A month and five days after the Central American Free Trade Agreement (CAFTA) came into force, Guatemalan President Oscar Berger popped up last weekend with the unsurprising news that in practice it seems to be working to the sole advantage of the United States:
"United States is dumping on us, selling us things and demanding we purchase what they want, but it does not accept our goods," he griped.
To date no Guatemalan company has passed the US health inspections which are geared to protect farmers up there who receive state subsidies not only to produce, but also to export, and are thus able to offload their chicken parts on Guatemala at prices below the actual cost of production.
Berger has threatened to denounce the US to the WTO for this kind of flagrant dumping, but stopped short of hiking up chicken import taxes, a move favoured by two Guatemalan businessmen that this week found themselves subjected to a motion for reconsideration of juristictional decision in regard to their trial for fraud.
These men are Dionisio Gutiérrez Mayorga and Juan Luis Bosch, controlling shareholders of Pollo Campero.

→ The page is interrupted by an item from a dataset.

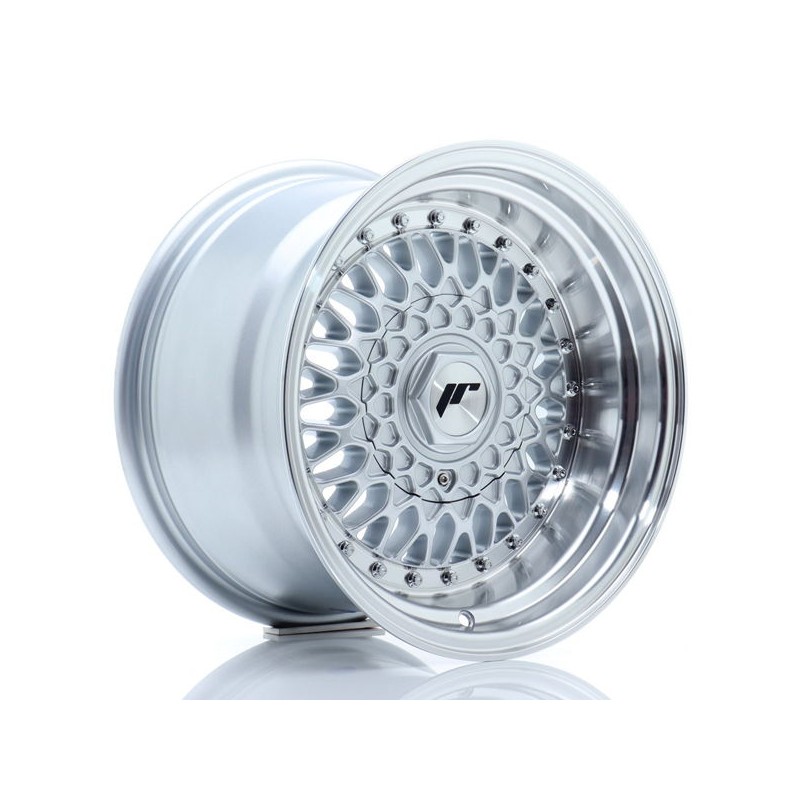JR Wheels JR9 15x9 ET10 4x100/108 Silver w/Machined Lip+Silver Rivets JR Wheels JR9 15x9 ET10 4x100/108 Silver w/Machined Lip+Silver Rivets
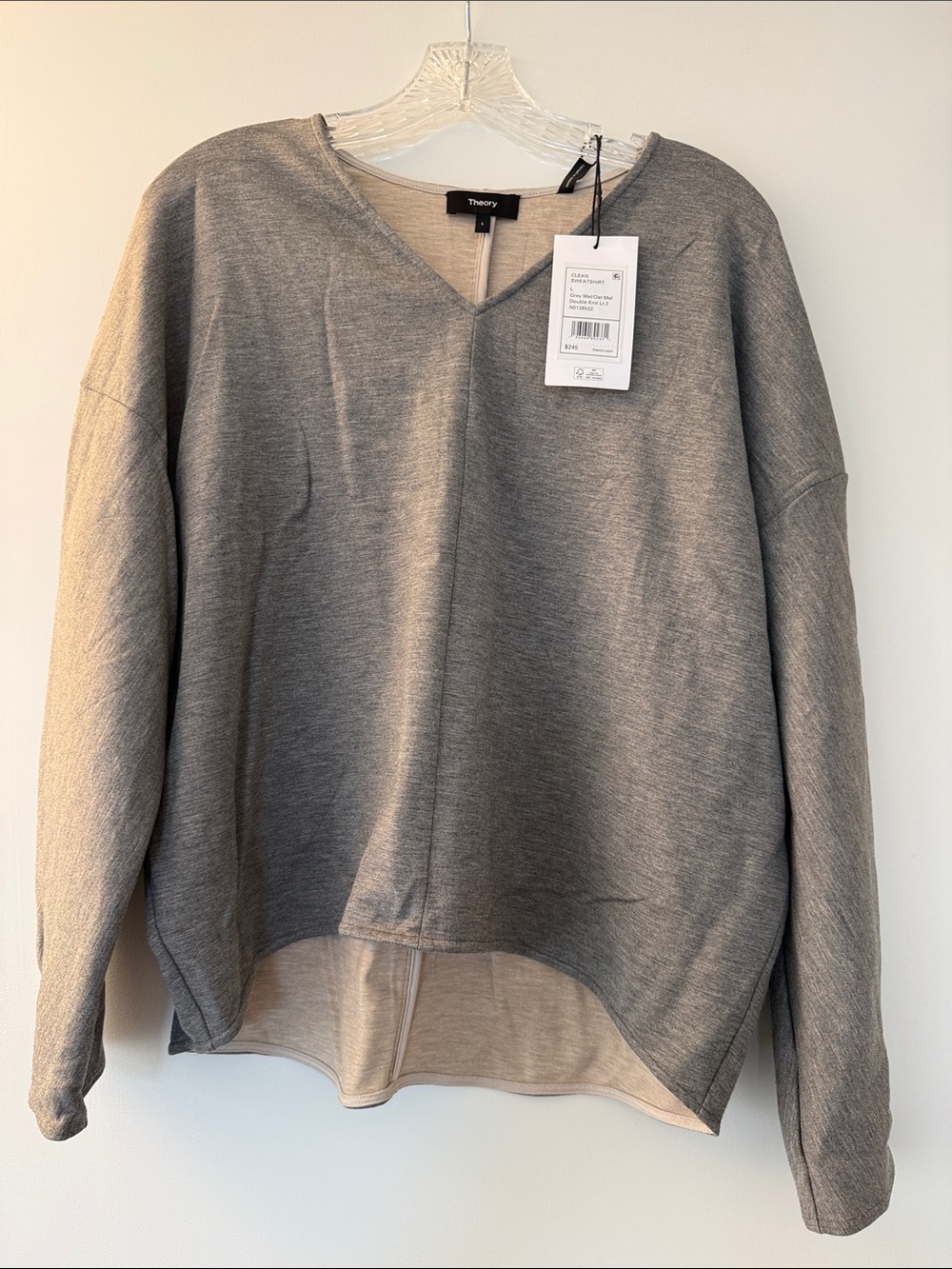 Theory Gray V-Neck Relaxed Pullover Sweatshirt - Size L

Robert Amsterdam, the Florida-based attorney acting for LISA S.A. (a firm the duo supposedly defrauded of millions of dollars in dividends) wants the lawsuit relocated back to the US Courts, and has linked the Guatemalans' attempts to use their corrupt influence to have poultry import duties raised to a comprehensive set of endemic evils afflicting their country:
"The impunity behind the tragic situation of feminicide, the unresolved human rights crimes of the armed conflict, and the lawlessness of the maras is the same impunity of these high- profile white collar offenses. We must all work together to put an end to it."
There may be assymetries in CAFTA but there's a rather neat symmetry between the two kinds of impunity at work here in the poultry products trade!